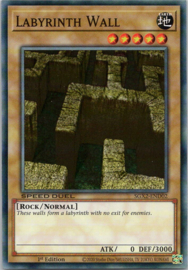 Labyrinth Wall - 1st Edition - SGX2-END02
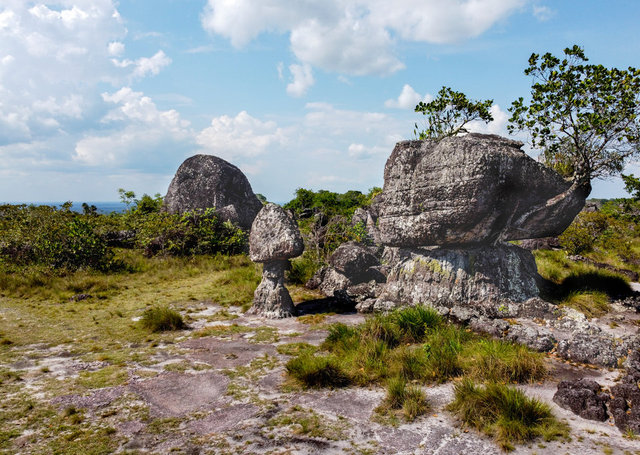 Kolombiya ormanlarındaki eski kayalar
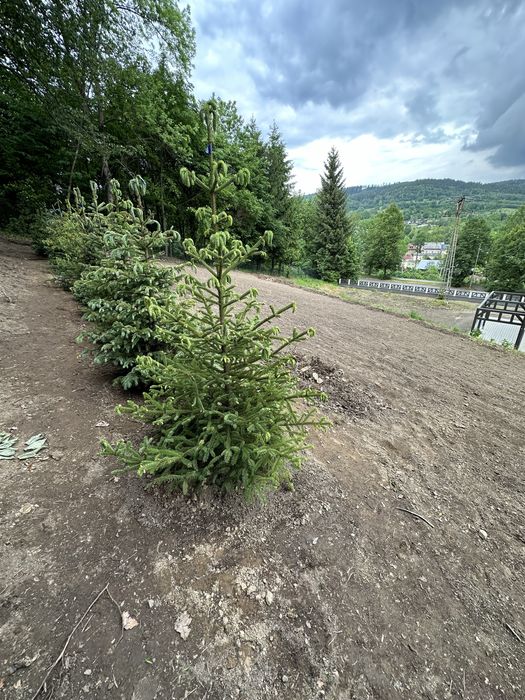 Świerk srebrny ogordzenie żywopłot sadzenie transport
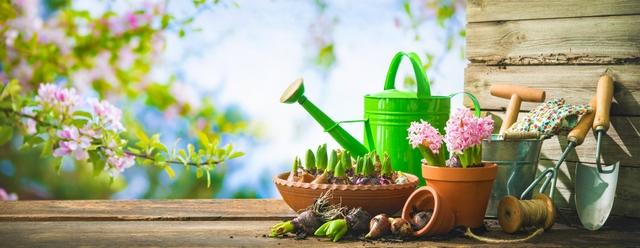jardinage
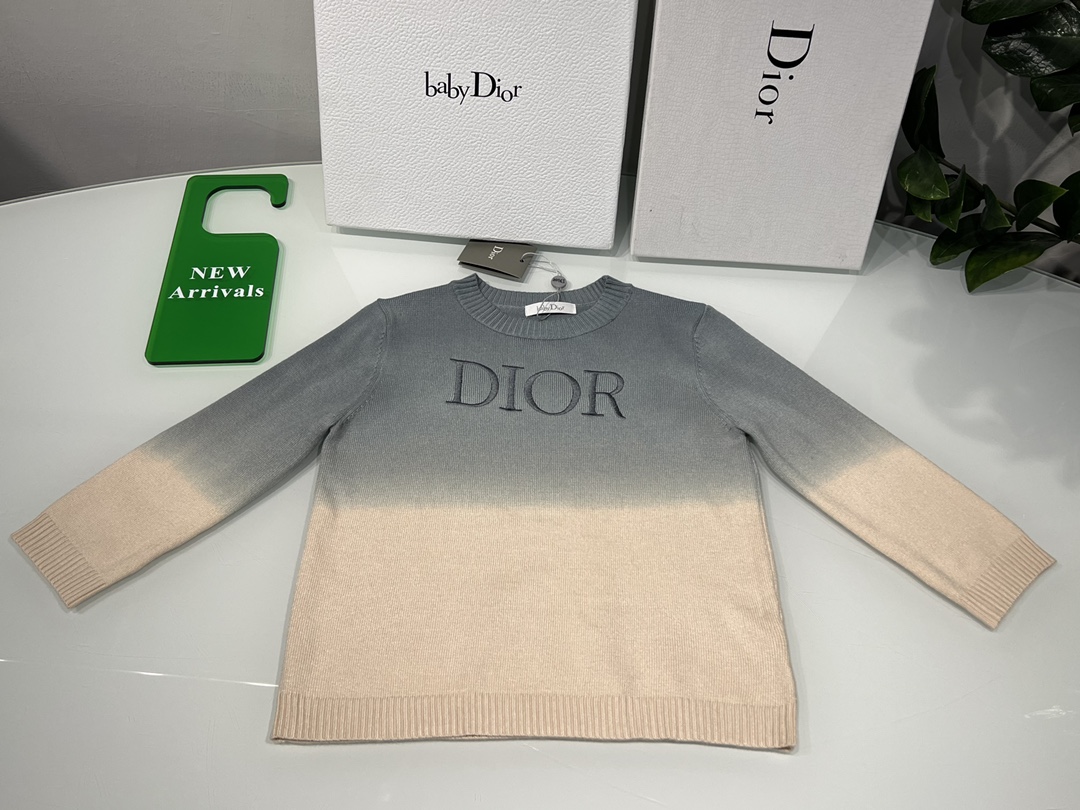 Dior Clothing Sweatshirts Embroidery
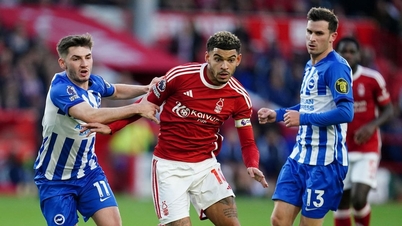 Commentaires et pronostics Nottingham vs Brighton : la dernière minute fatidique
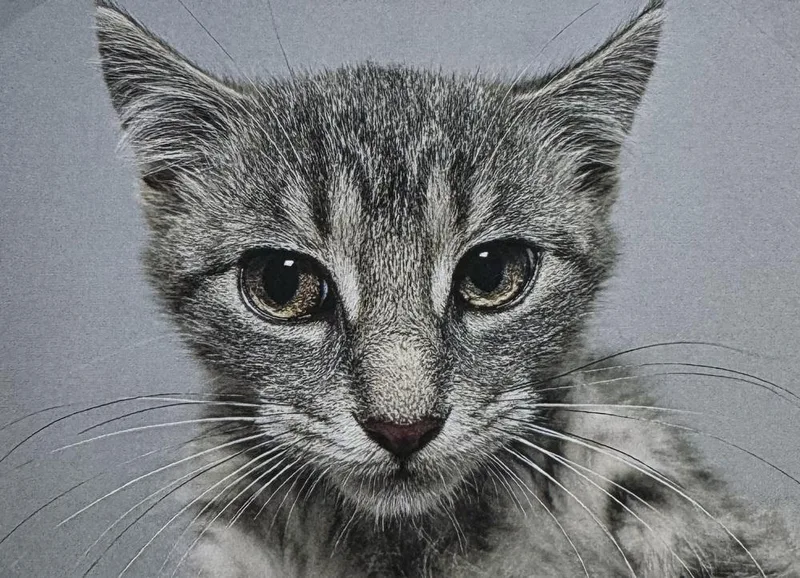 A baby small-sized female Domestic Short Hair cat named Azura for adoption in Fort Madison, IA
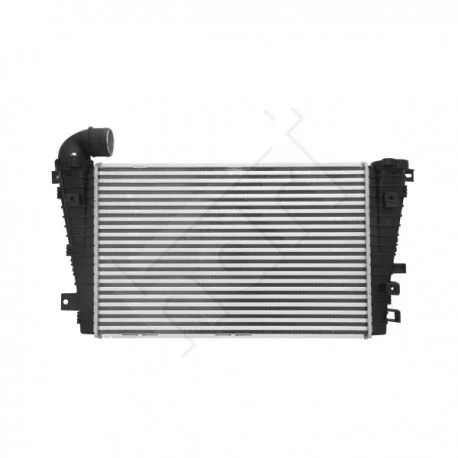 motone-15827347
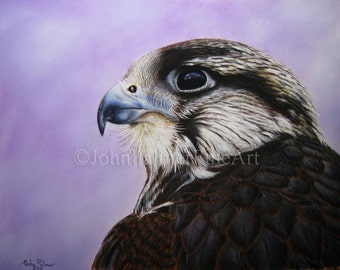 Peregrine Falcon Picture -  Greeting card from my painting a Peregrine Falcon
**********
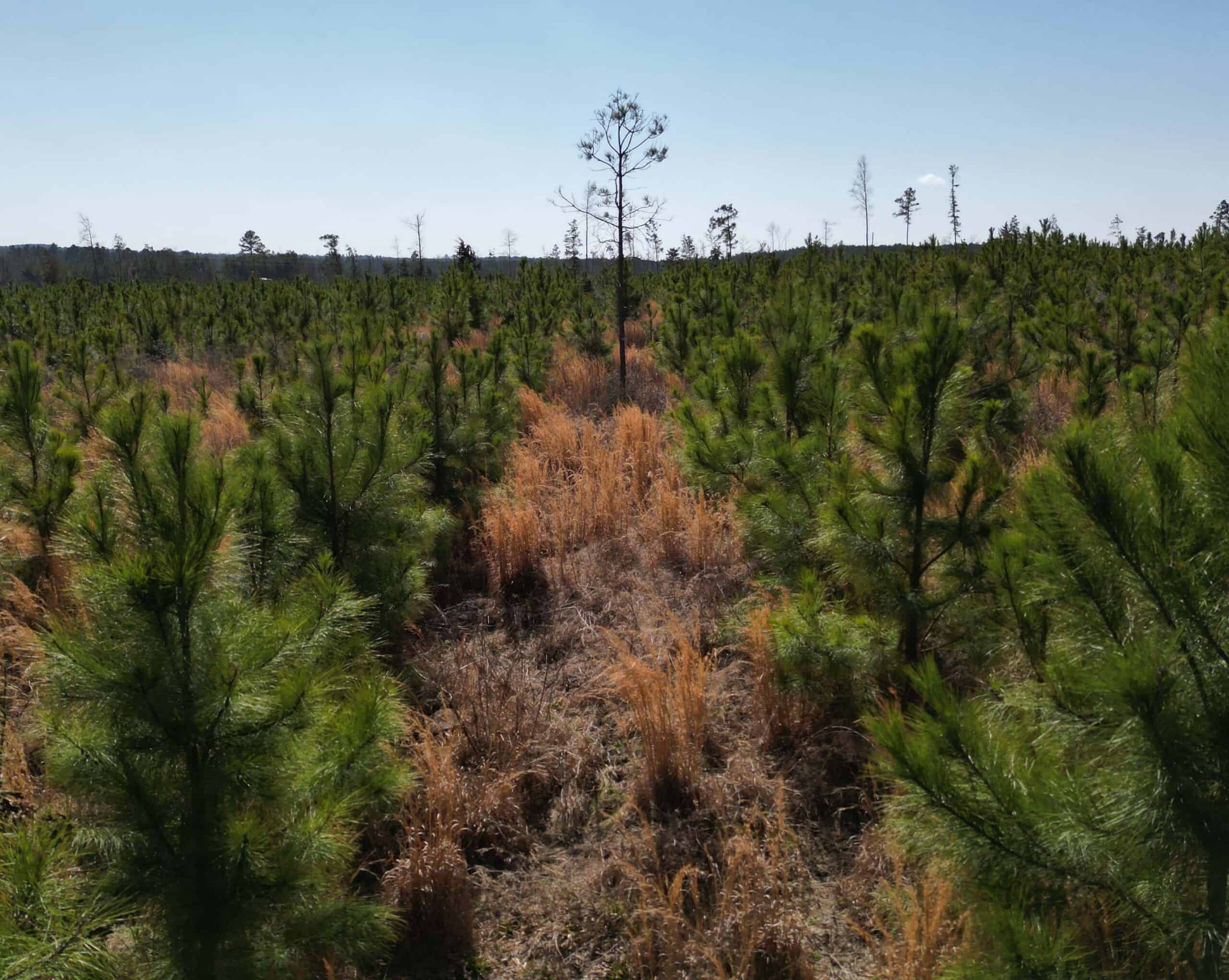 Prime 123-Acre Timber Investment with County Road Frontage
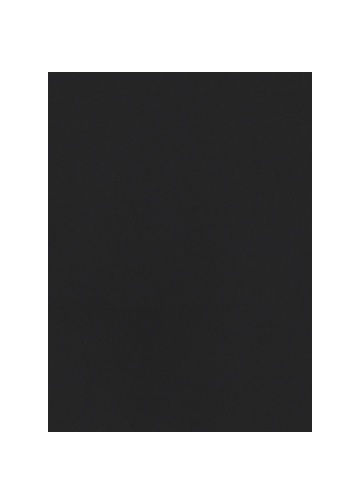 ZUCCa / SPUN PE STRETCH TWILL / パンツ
**********
WHAT NEEDS TO BE DONE: Give back exactly the lines above from the one with "Świerk srebrny ogordzenie" through the one with "Peregrine Falcon Picture", both included. Pictures don't belong in the copy.

ANSWER TO THIS TASK:
 Świerk srebrny ogordzenie żywopłot sadzenie transport
jardinage
 Dior Clothing Sweatshirts Embroidery
 Commentaires et pronostics Nottingham vs Brighton : la dernière minute fatidique
 A baby small-sized female Domestic Short Hair cat named Azura for adoption in Fort Madison, IA
 motone-15827347
 Peregrine Falcon Picture -  Greeting card from my painting a Peregrine Falcon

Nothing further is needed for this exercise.